In an investor presentation Thursday, SmartRent said the total addressable market for smart-home technology in the U.S. is $30 billion. By expanding into other verticals, such as student and military housing, the figure jumps to $80 billion. The international total is $200 billion.

“It’s almost staggering,” Haldeman said of apartments’ lack of automation and remote control of operations. “We have pilots going in the U.K. and Canada, and what we’ve seen and what we know is that this is a global problem.”

SmartRent is currently in 185,000 units, with 752,000 in the pipeline. Its customers own more than 3 million units.

In an investor presentation, SmartRent estimated that it generated $53 million in revenue last year.

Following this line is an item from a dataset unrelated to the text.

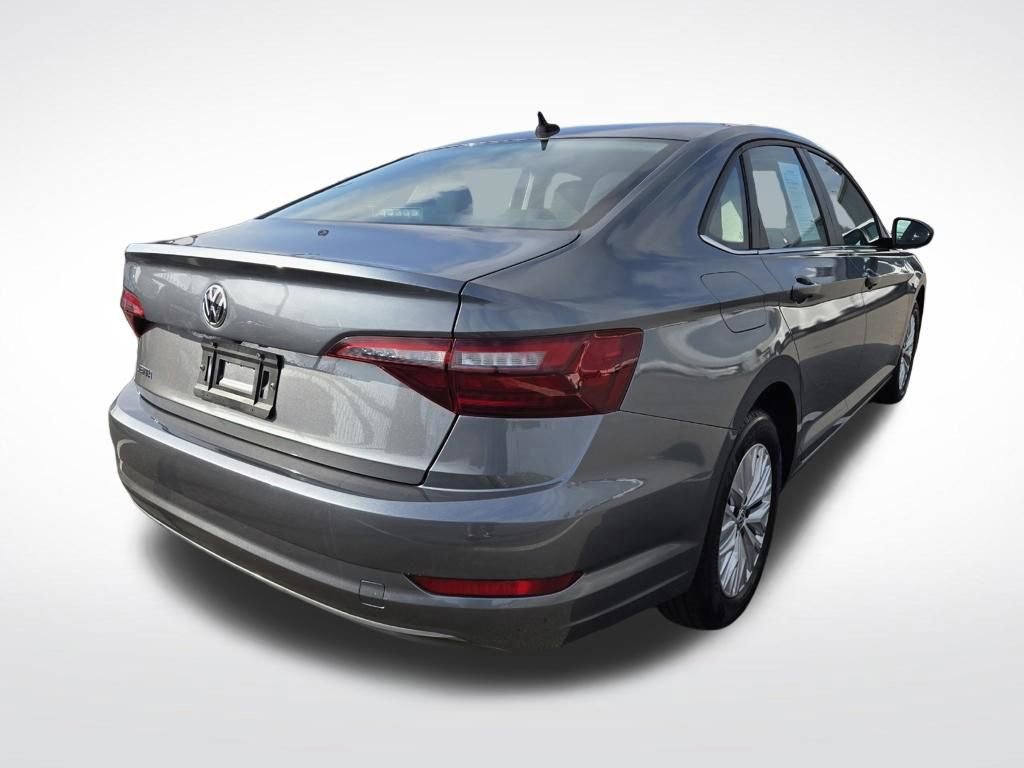 Used 2020 Volkswagen Jetta S w/ Driver Assistance Package FWD image 8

It projected $119 million in 2021 and as much as $1.3 billion by 2024. The company is not profitable and lost an estimated $27 million on an EBITDA basis in 2020. It forecast positive earnings in 2022 with $10 million in EBITDA.

Haldeman said the company is “on a path to be profitable” and will reach that goal by fulfilling orders to large institutional customers. “It’s not sort of speculative, ‘How are we going to get there?’” he said. “We just have to execute. We have to go physically install and get it done.”

SPAC impact

The SmartRent deal is the first for a Fifth Wall SPAC.

The Los Angeles-based VC firm, which has $2.5 billion under management, raised $345 million for its first SPAC in a February IPO. It has launched two additional SPACs — one looking to raise $150 million and the other, $250 million.

The first one, Fifth Wall Acquisition Corp. I, does not have warrants, which are additional shares that investors can purchase if the stock hits a certain price. (The downside of warrants is they can dilute the stake of existing shareholders.)

SPACs’ popularity exploded last year. And this year, 308 blank-check firms have gone public, raising more than $100 billion. By comparison, 59 went public in 2019, raising $13.6 billion.

In recent weeks, federal regulators have started to probe the role of banks in these deals and urged investors to be cautious. Since then, the deals have nearly dried up: After a record 109 SPAC deals in March, there have been just 10 this month, CNBC reported.

Wallace declined to comment on the broader SPAC environment. But he said Fifth Wall’s SPAC is unique, given the firm’s role “at the epicenter” of many proptech transactions. In the SmartRent deal, many of the company’s customers invested in the private investment in public equity, or PIPE.

“I don’t think I‘ve seen anything like that in the SPAC landscape previously,” he said. “I don’t think I’ve ever seen so many strategic investors, the biggest names in real estate, get behind [a] company the way they have with SmartRent.”